Cartoonist Robert Crumb was, and continues to be, one of my cultural heroes, not the least because he is a huge fan of music from the 1920s and ‘30s. However, he is not related to Robert Crum (no “b” at the end of the last name), the artist featured in today’s Soundie. I recently saw the two artists confused in three places online. People really need to do their homework!

Robert Crum was a classically trained pianist who moonlighted from the concert stage playing jazz. He was active in Chicago during the mid-1940s where he honed his boogie-woogie chops. Discographer Anthony Barnett notes that pianist Jimmy Jones was impressed with Crum and that he (Crum) “…was fine when he didn’t try to ‘out-Art’ Art Tatum.” Various trades note that Crum, when not on the concert stage, appeared regularly at Elmer’s Lounge in Chicago. Crum was clearly influenced by Art Tatum, and pianist Argonne Thornton (Sadik Hakim) wrote that Crum would occasionally play for the Master.

In 1944 Crum was in New York City where he worked with and learned from violinist Stuff Smith. The two performed together in concert in December of that year. Crum was contracted to appear in two Soundies, for which he was paid $250. Crum then returns to Chicago. He recorded some sides for the Gold Seal label and turns up in the jazz press until 1949, after which fades from sight.
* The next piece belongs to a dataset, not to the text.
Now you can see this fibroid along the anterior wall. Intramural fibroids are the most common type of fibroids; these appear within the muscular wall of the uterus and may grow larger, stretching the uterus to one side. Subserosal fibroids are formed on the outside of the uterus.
Because a soloist limits what can be shared visually on screen, they are rarely found in the Soundies oeuvre. To the best of my memory, Robert Crum is the only Soundies performer who appears on screen without dancers or other sideline extras. Director William Forest Crouch does the best he can with the two cameras, so our focus is on the music.
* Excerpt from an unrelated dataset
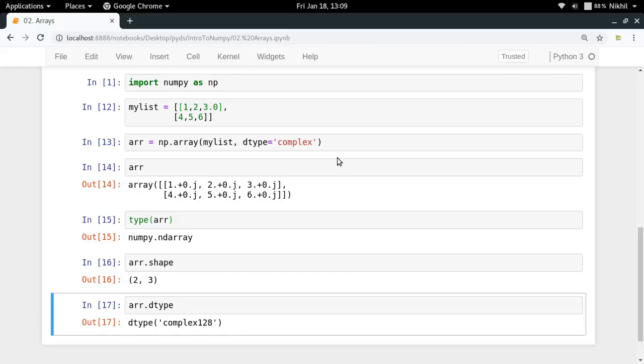So this is how it all works. And this is how you get the data type of an array. And I hope it is clear. If you still have doubts, you can put them in the comment section below. And in the next video, we're going to see how we can create arrays in more different kind of ways. So stay tuned and that's it from this video. Thanks for watching.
“Adventures in Boogie Woogie” is Crum’s composition and is a performance that is partially improvised, but also largely planned in advance. Or so it sounds to me. Crum is a technically gifted and swinging musician, if not overly original. But the concept of a classical pianist slumming with a boogie-woogie piece is certainly worthy of our attention. A tip of the Dodger cap for Robert Crum’s brief triumph in the Soundies spotlight.